# Description of the task
Leave out the pictures, and retype the remaining data exactly.

# Data section
==============================

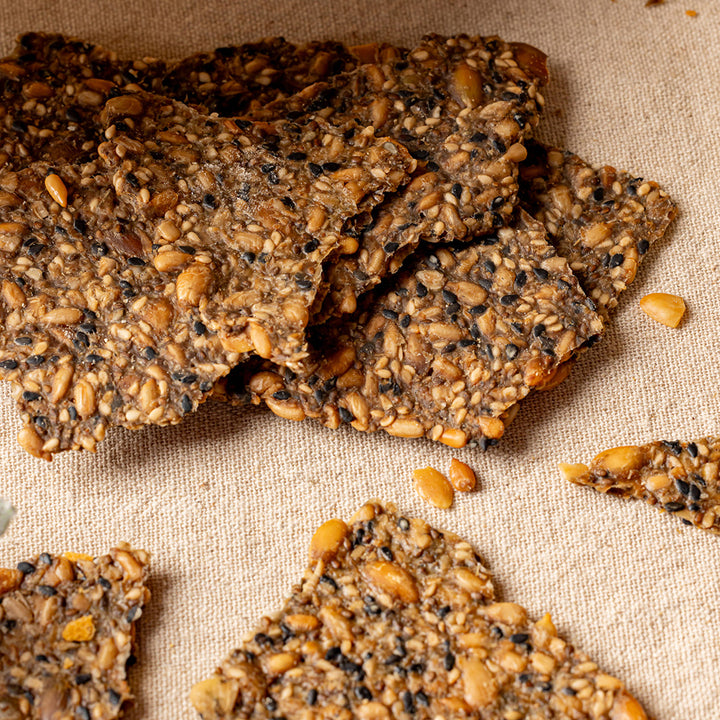 Vegan Seeded Crackers (150gr)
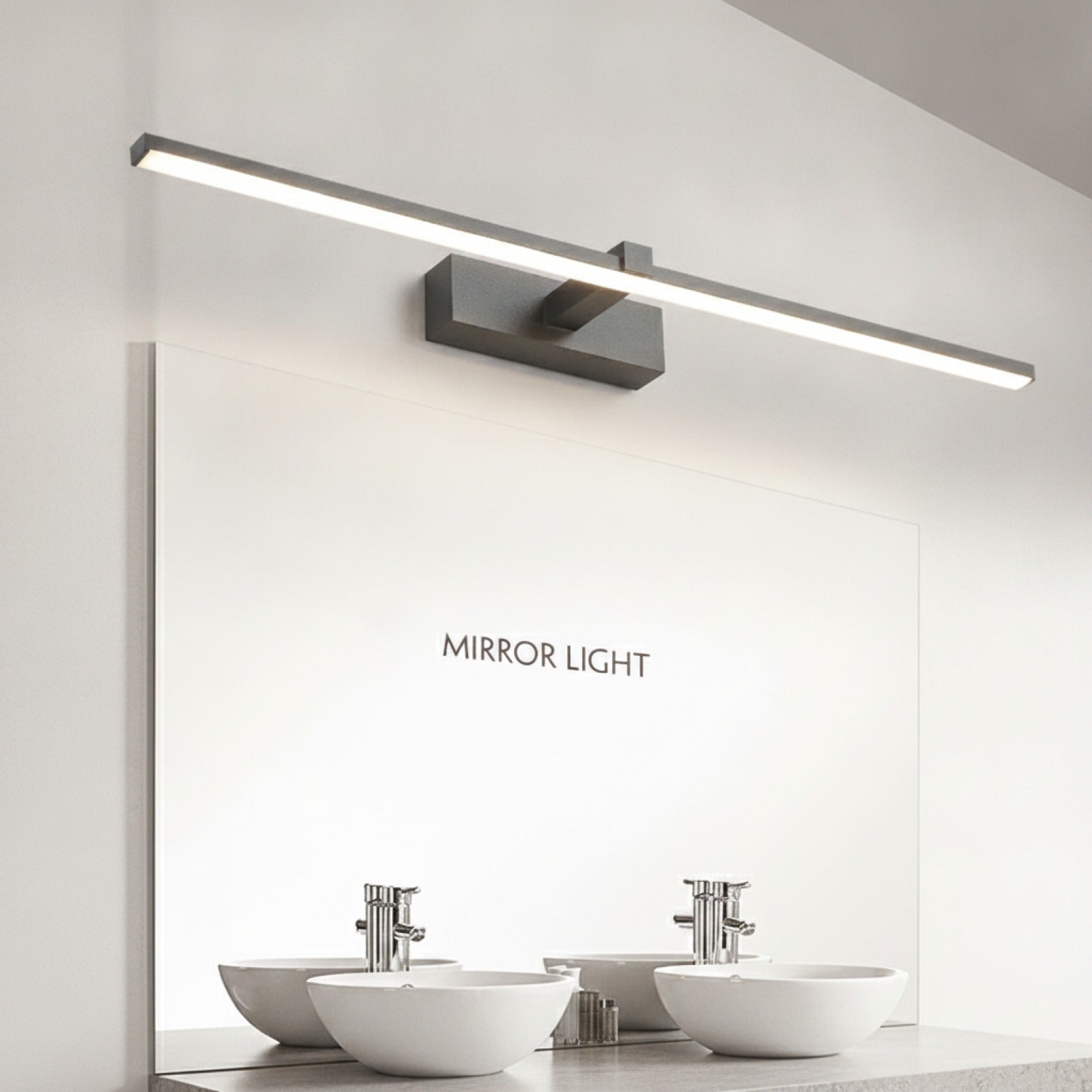 Applique Murale LED Moderne pour Salle de Bain - Éclairage Design Aluminium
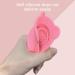 Makeup Brush Cleaning Mat Foldable Brush Cleaner Bowl Silicone Brush Cleaner Pad for Sponge Pink Cleaning pads - Buy Online on SooperMarket.com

==============================

# Response area
 Vegan Seeded Crackers (150gr)
 Applique Murale LED Moderne pour Salle de Bain - Éclairage Design Aluminium
 Makeup Brush Cleaning Mat Foldable Brush Cleaner Bowl Silicone Brush Cleaner Pad for Sponge Pink Cleaning pads - Buy Online on SooperMarket.com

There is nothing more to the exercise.